I have tried to convert the tripod example (from
http://download.gna.org/getfem/doc/getfem_matlab/gfm_12.html) from the matlab interface to the C++ interface.
The attached Screenshots show input mesh (green region is TOP, boundary), and the (very noisy) output mesh)
Any suggestion about errors in my code would be great. Maybe the last lines, where I update the positions of the nodes are incorrect, but I don't know the correct choice!
...
And here my simulation Code:
Precondition: The tripod mesh is loaded to m_mesh, and the boundaries (TOP,BOTTOM) are initialized. This is done with a GUI.

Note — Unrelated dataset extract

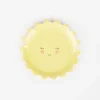 Store Meri Meri 12 Small Sun Plates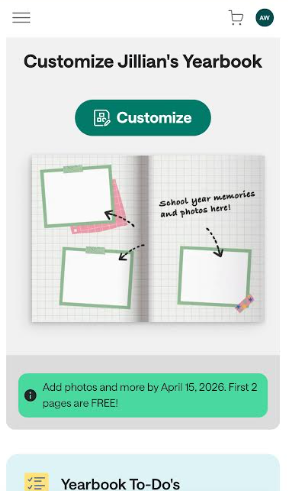 Creating Custom Pages on a Mobile Browser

std::cout << "MESH:" << std::endl;
std::cout << " Nodes: " << m_mesh.nb_points() << std::endl;
std::cout << " Convex: " << m_mesh.nb_convex() << std::endl;
bool LINEAR = true;
bool INCOMPRESSIBLE = false;
int TOP = 0;
int BOTTOM = 1;
getfem::mesh_fem mfu(m_mesh, 3); //mesh-fem supporting a 3D-vector field
getfem::mesh_fem mfd(m_mesh, 1); //scalar mesh_fem, for data fields.
//the mesh_im stores the integration methods for each tetrahedron
getfem::mesh_im mim(m_mesh);
mim.set_integration_method(getfem::int_method_descriptor("IM_TETRAHEDRON(5)"));
//we choose a P2 fem for the main unknown
mfu.set_finite_element(getfem::fem_descriptor("FEM_PK(3,2)"));
//the material is homogeneous, hence we use a P0 fem for the data
mfd.set_finite_element(getfem::fem_descriptor("FEM_PK(3,0)"));
//boundary stuff
//ensure top is boundary 0, bottom is boundary 1
//Lamé coefficient
double E = 1000;
double Nu = 0.3;
//set the Lame coefficients
double lambda = E*Nu/((1+Nu)*(1-2*Nu));
double mu = E/(2*(1+Nu));
//create a meshfem for the pressure field (used if incompressible = 0)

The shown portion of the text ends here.